Java学习之HashMap源码阅读

文章目录

HashMap源码阅读
- 一、阅读说明
- 二、JDK1.8之前和JDK1.8之后的区别
- - 1. 底层数据结构的不同
  - 2. hash碰撞后的链表插入方式不同
  - 3. Entry替换成了Node
- 三、重要的参数
- 四、用到的数据结构
- 五、重要的方法
- 六、总结
- 参考来源：

HashMap源码阅读一、阅读说明

本文所读HashMap源码系源于jdk14.0.1。

二、JDK1.8之前和JDK1.8之后的区别 1. 底层数据结构的不同

JDK1.8之前：数组+链表。
JDK1.8之后：数组+链表+红黑树。
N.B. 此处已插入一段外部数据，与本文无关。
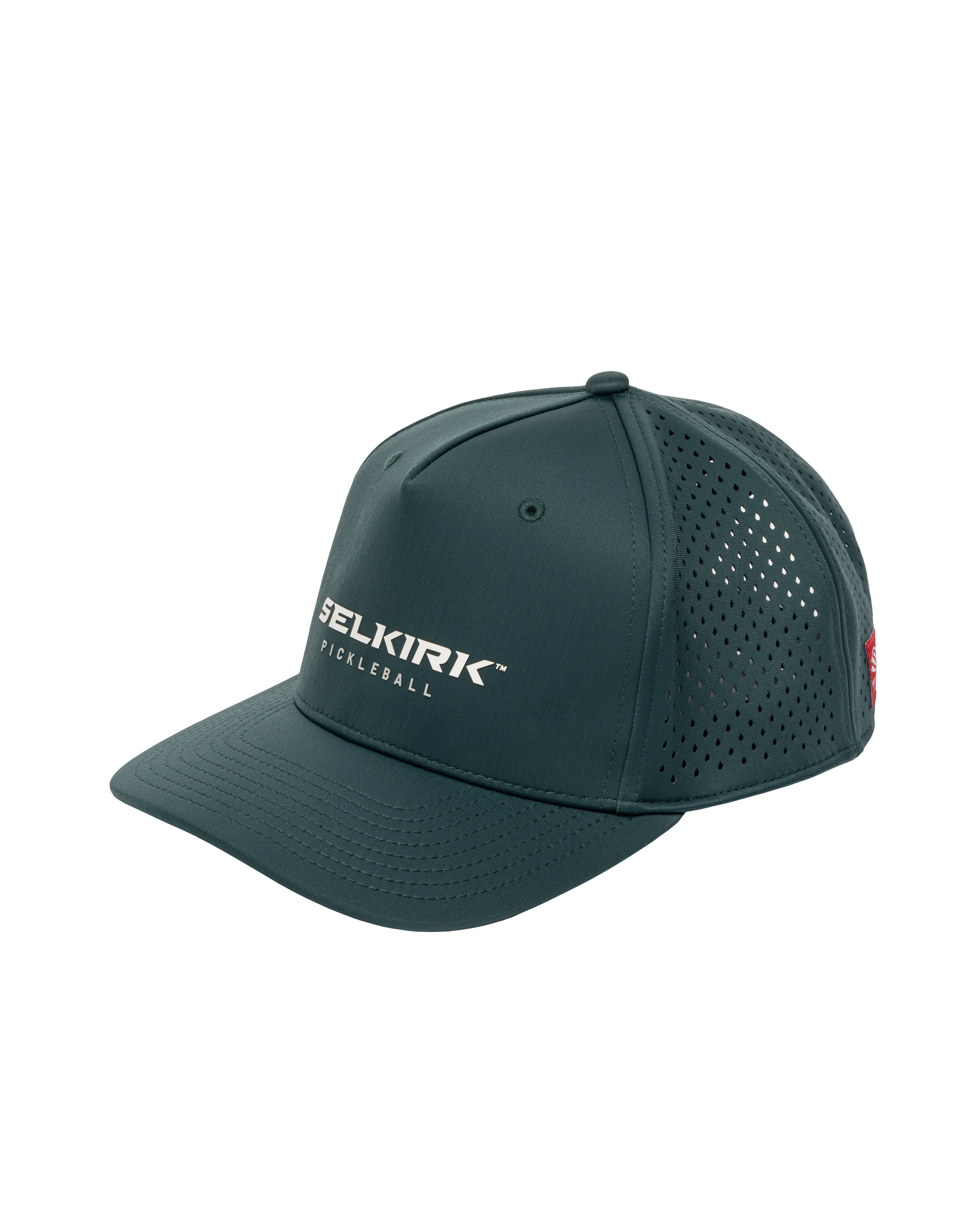 Evergreen Selkirk Pickleball Performance Trucker Hat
JDK1.8对HashMap做了优化，当链表长度超过8，且数组大小超过64，就将链表转换为红黑树。

2. hash碰撞后的链表插入方式不同

jdk1.7在发生hash碰撞后，会在链表头部插入新加入的元素
jdk1.8之后则在发生hash碰撞后采用尾插法，即将新加入的元素插入链表尾部

3. Entry替换成了Node 三、重要的参数

默认初始容量(16)

static final int DEFAULT_INITIAL_CAPACITY = 1 << 4; // aka 16

最大容量(<= 1<<30)

static final int MAXIMUM_CAPACITY = 1 << 30;

默认负载因子

static final float DEFAULT_LOAD_FACTOR = 0.75f;

转化为红黑树的阈值(8)

static final int TREEIFY_THRESHOLD = 8;

从红黑树树退化为链表的阈值(6)

static final int UNTREEIFY_THRESHOLD = 6;

转化为红黑树的最小容量(64)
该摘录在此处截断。